La cosa era già accaduta in
Gravitational Forces, due anni fa, dove Robert aveva inserito un paio di pezzi un po' "forzati", oggi questa tendenza non sembra terminata, anzi pare un filo accentuarsi. Il sottoscritto ritiene che sia un fatto che non dipenda da Robert, piuttosto dalle indicazioni della label che in una certa maggiore eccletticità della sua musica vede spazi più ampi di mercato, sta di fatto che ai vecchi suoi aficionados ciò non dovrebbe essere troppo gradito.
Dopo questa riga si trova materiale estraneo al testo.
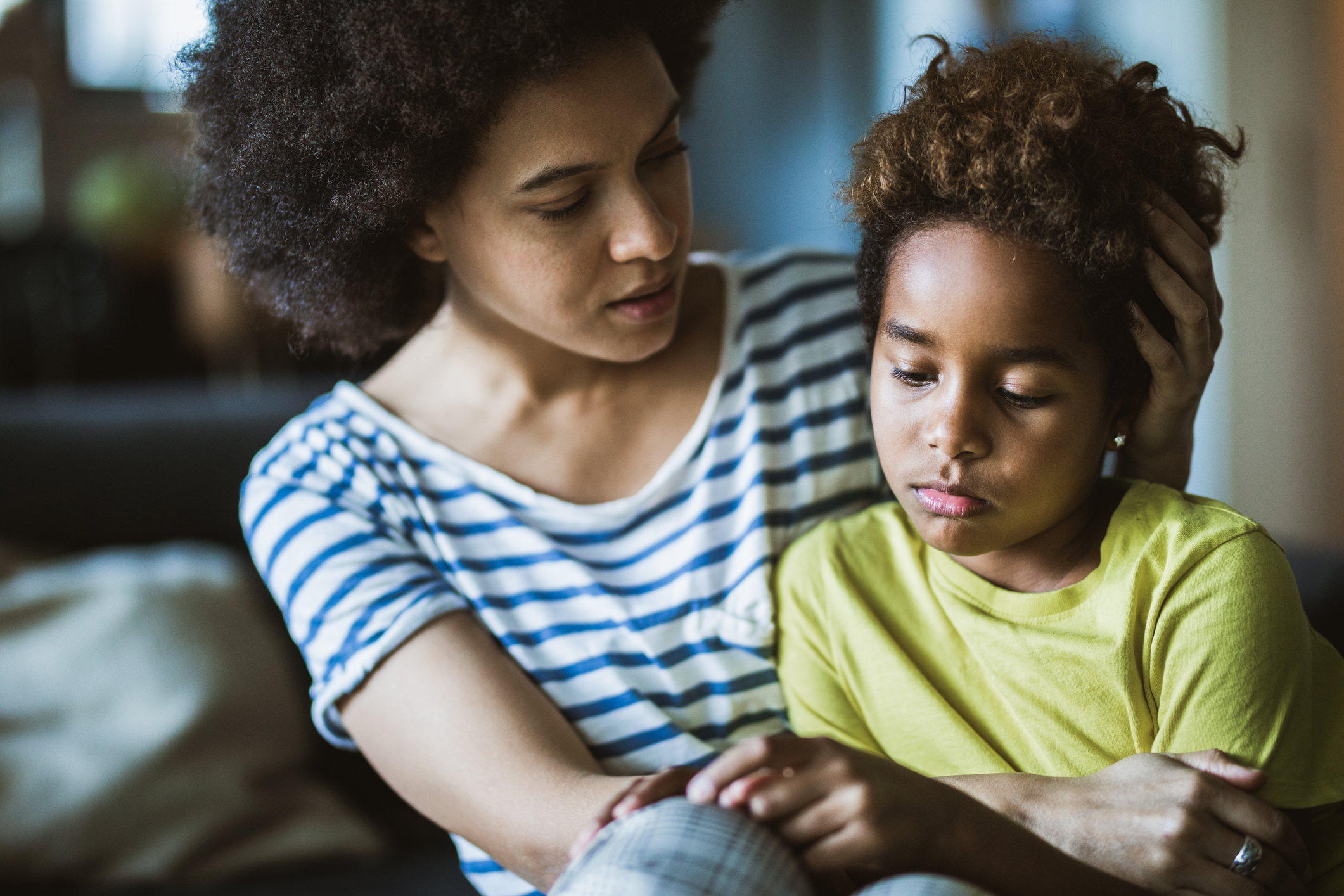 Young black mother taking care of her depressed little daughter at home.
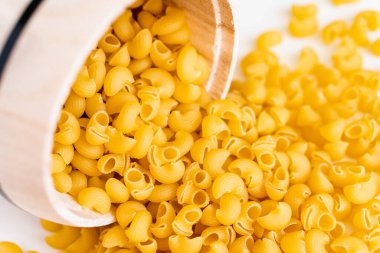 Çiğ, çiğ, çiğ, pipo makarna makarna makarna beyaz kâse ahşap arka plan fesleğen domates pesto sosu ev yapımı İtalyan yemeği tam buğday vejetaryen spagettisi sağlıklı bir yemek için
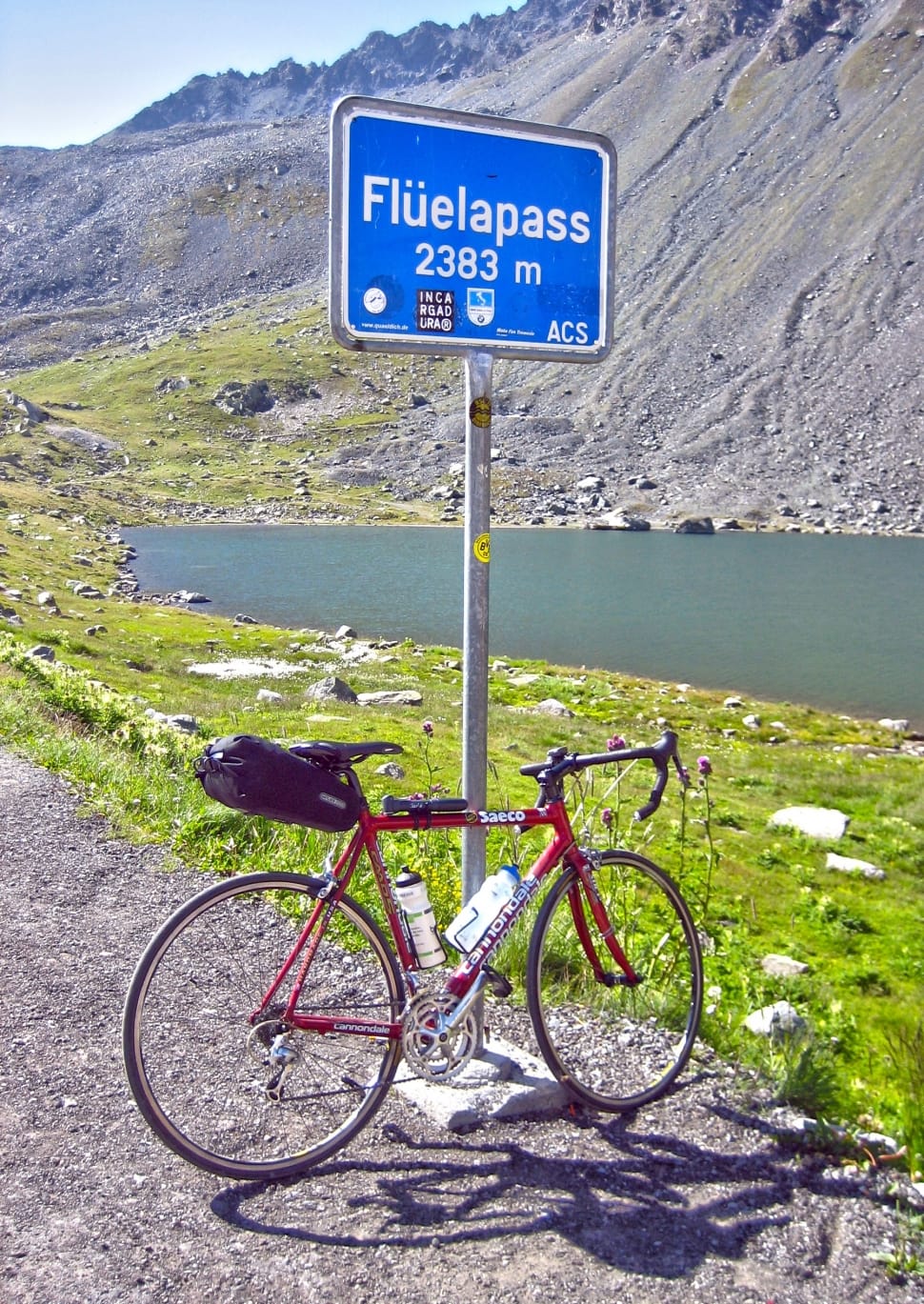 black and red road bike leaning on grey and blue Fluelapass signage near body of water preview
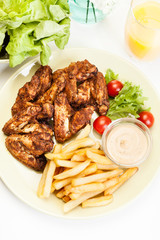 Chicken wings with fries french and spicy sauce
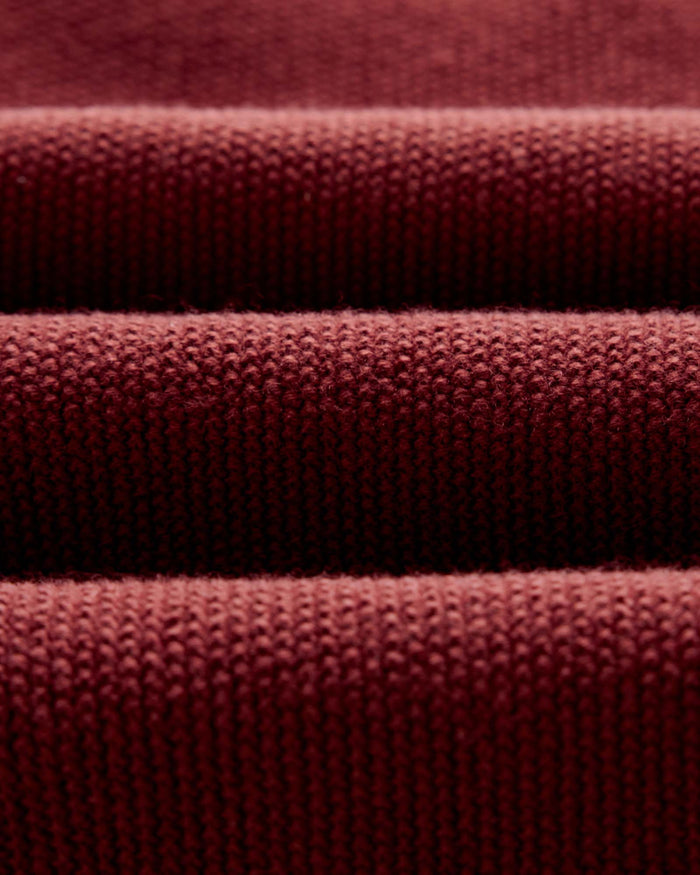 material shot of the fabric on The Newton Sweater Polo in Dried Cherry Merino
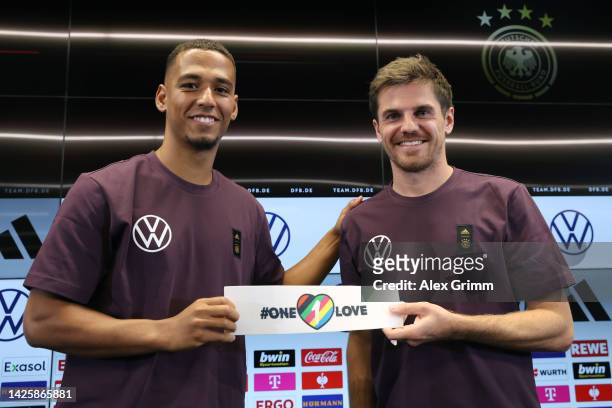 Thilo Kehrer and Jonas Hofmann pose with the team's captain's armband for the FIFA World Cup Qatar 2022 during a Germany press conference at...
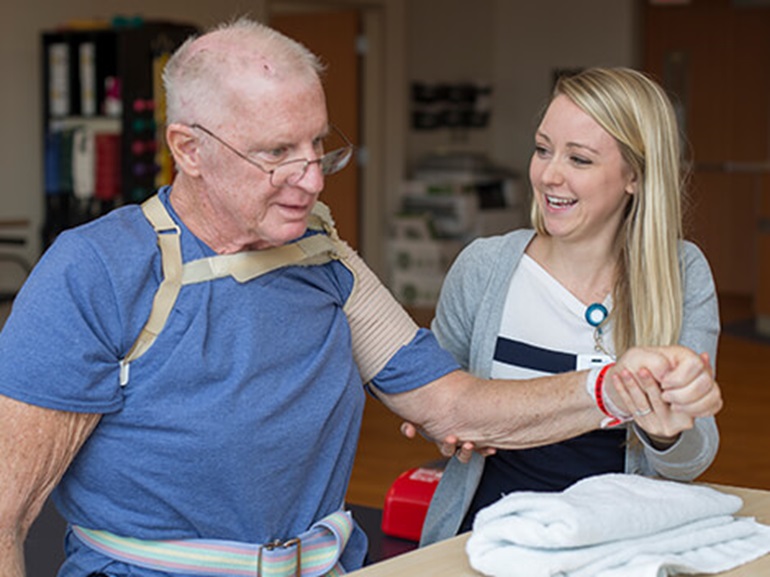 Young female therapist helping senior male patient do are exercises.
Sono sicuramente in linea con il personaggio e pertanto destinati a diventare classici del suo repertorio brani come
Furnace Fan, tipica fluida ballata delle sue che profuma di jingle jangle sound e offre un bel contributo solista da parte di electric e steel guitar,
All I Have Is Today un altro brano confezionato nel suo schietto ed immediato stile con un nuovo coinvolgente assolo chitarristico anche se il ritornello suona un po' più facile del solito, che sostiene che in una vita che sembra un sogno, priva di certezze e di persone su cui contare, l'unica via di scampo è godersi ogni giornata pienamente dall'alba al tramonto,
Gone On, un pezzo tra il reggae e il cajun con l'accordion che mette tutti gli strumenti in fila e che richiama un po' il sound dei Lovin' Spoonful.
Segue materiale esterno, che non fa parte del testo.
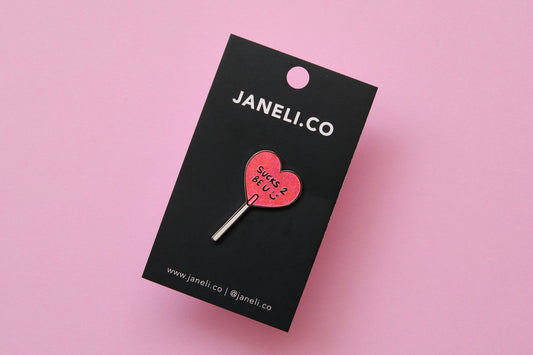 An enamel pin of a heart shaped lollipop that says "Sucks 2 Be U" on a black JaneLi.Co backing card over a pink background.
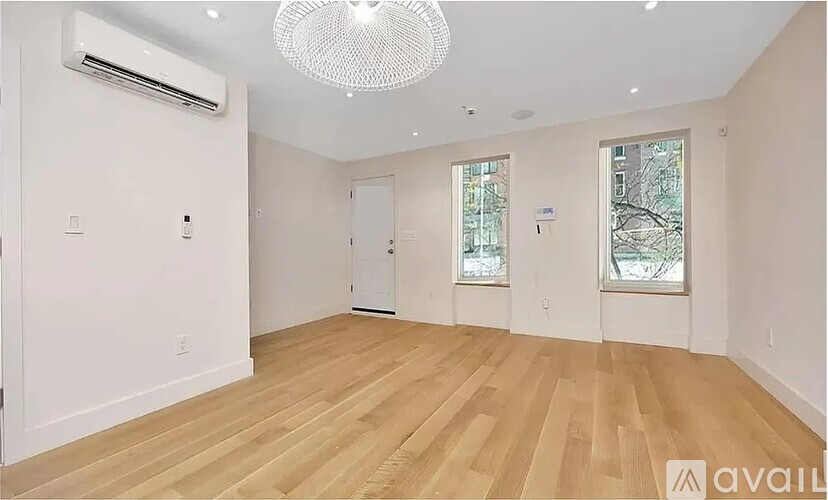A room with wooden flooring and a chandelier hanging from the ceiling.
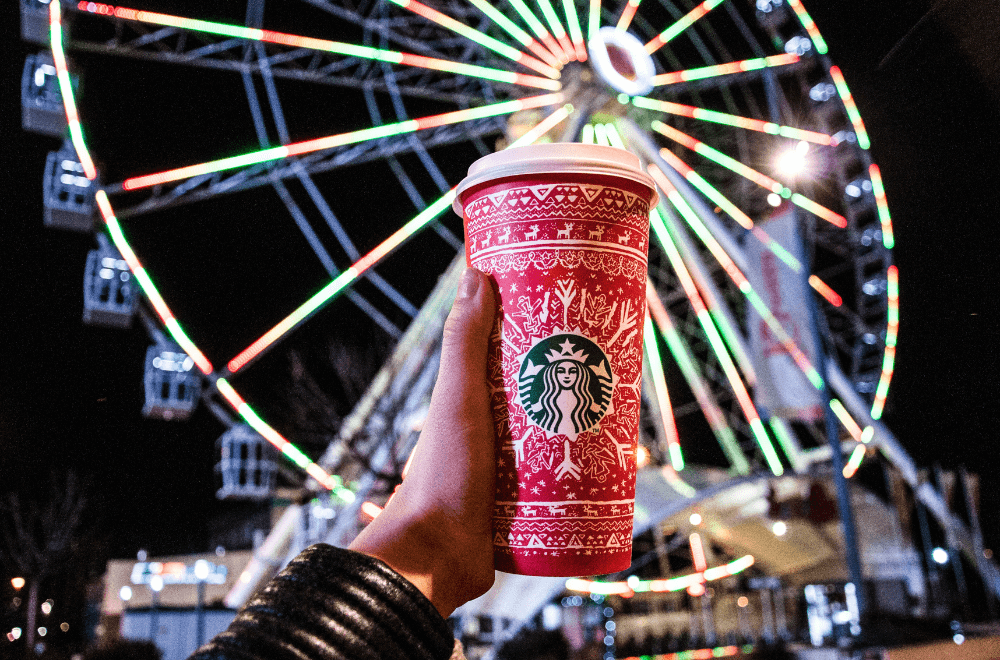 A man holding his Starbucks holiday cups up with a Ferris wheel at the background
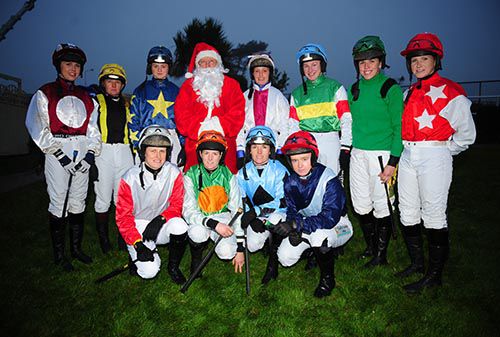 The lady riders in the bumper pose with Santa
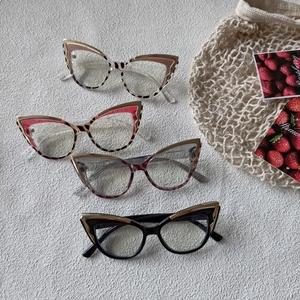 Cat eye blue light glasses frame with golden metal trim in four stylish color variations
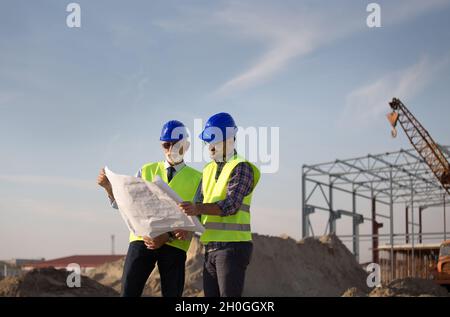 Two satisfied engineers talking at building site with metal construction in background Stock Photo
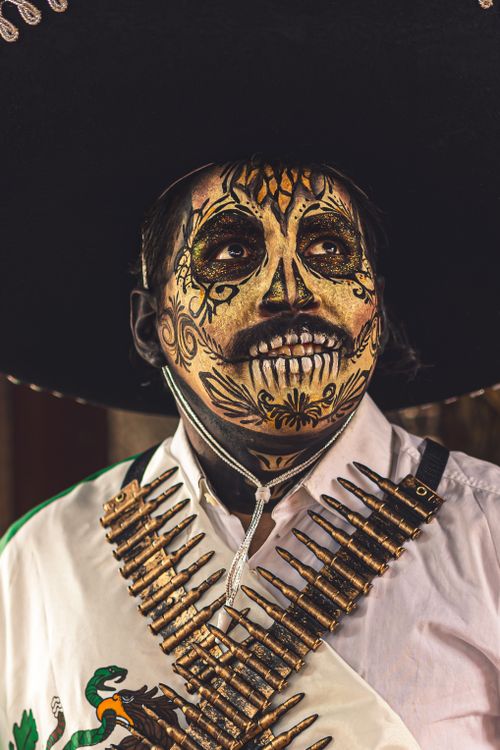 Free A striking portrait of a person wearing Day of the Dead makeup and traditional attire in CDMX, Mexico. Stock Photo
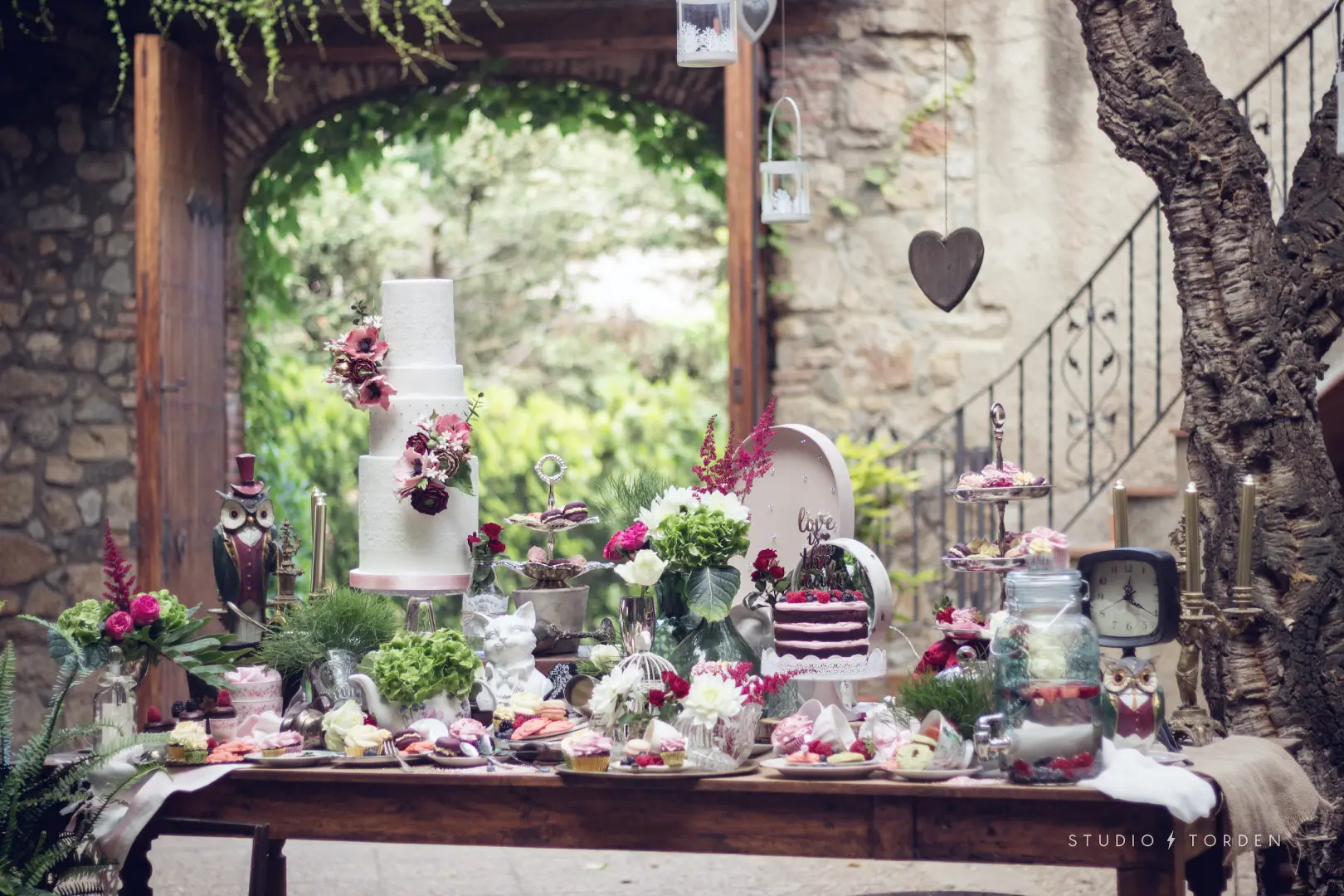 Montaje profesional de mesa dulce con tarta de varios pisos y decoración floral, ejemplo de temario en la Master Class de Mericakes.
Beats The Devil, un grungy southern rock dal brillante ritornello e la chitarra elettrica sempre bene in evidenza, che sottolinea come dalla lotta, dalla violenza, dal sangue nasca un forte desiderio di pace e di serenità; così chi ha combattuto, credendo anche di farlo per una giusta causa, ora desidera solo invecchiare in pace.
These Years, un'eccellente pezzo semiacustico, lenta ballad con toccante lavoro di violino, dove Robert scrive che passano gli anni ma si rimane soli, capita allora di non sapere più a chi raccontare ricordi e sensazioni forche le persone più care se ne sono andate.
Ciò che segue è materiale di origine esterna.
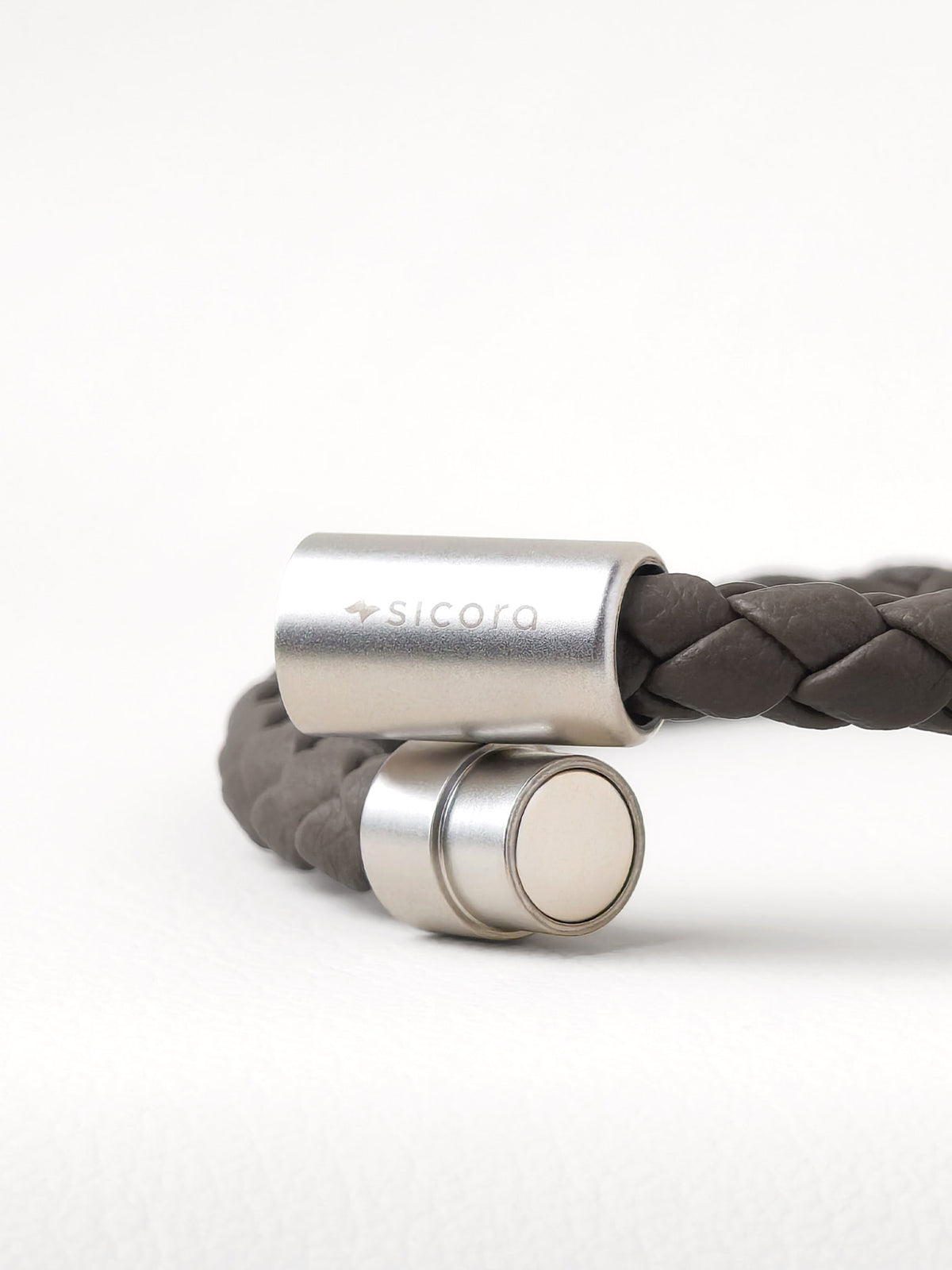 Close-up of a sicora gray / grey braided leather bracelet with stainless steel magnetic end caps, one of which is engraved with the brand name 'sicora'.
Famous Words, una sorta di accorato lamento dall'andatura lenta e le tonalità notturne,
Let The Music Play, bel country rock con simulazione di vento e temporale in apertura, altra ballata delle sue dal delizioso accompagnamento strumentale, con refrain forse migliorabile e buon finale affidato soprattutto alla steel guitar. Si manifesta come una magnifica cover
Out Here In The Middle un pezzo appena sentito dal suo autore James McMurtry, uno small town blues con la bravissima Shawn Calvin alle harmony vocals.
Funzionano bene anche
Train Trek, travolgente electric rock blues che non da tregua dal superbo lavoro di chitarra solista e
So Sorry Blues un tosto electric blues che non è però forse il tipo di pezzo che ci aspetteremmo cantato da lui. Non c'è feeling però tra me e la title track, un brano che pure ci fa ricordare i Long Ryders con un'ammiccante farfisa che talora si combina con il suono della steel guitar, come neppure con
Floppy Shoes, il cui ritmo funky non mi convince affatto. Va segnalato a proposito di Robert Earl Keen che il mese scorso la Sugar Hill ha pubblicato una bella raccolta di classici del suo periodo indie,
The Party Never Ends, che hanno toccato lo status di preferiti tra i fans. Sono ripresi i pezzi più significativi della prima parte della sua carriera che è un piacere avere la possibilità di ascoltare tutti quanti insieme, anche se talora superati da interpretazioni successive.
Canzoni di riunioni nel giardino di casa, di parties fraterni, di scorribande stradali, di notti inoltrate, come opportunamente sottolineano le sue note di presentazione. Questi i titoli:
The Front Porch Song,
Copenaghen e
The Bluegrass Widow da
The Live Album,
The Five Pound Bass,
It's The Little Things,
Mariano e
The Road Goes On Forever da
West Textures,
I'm Corning Home,
Dreadful Selfish Crime,
Think It Over One Time,
Barbecue,
Merry Christams From Family e
Gringo Honeymoon dal saccheggiato
Gringo Honeymoon. Da dire soltanto che l'inserimento di qualche pezzo tratto anche da
Piece Of The Sky avrebbe reso più eccitante la festa.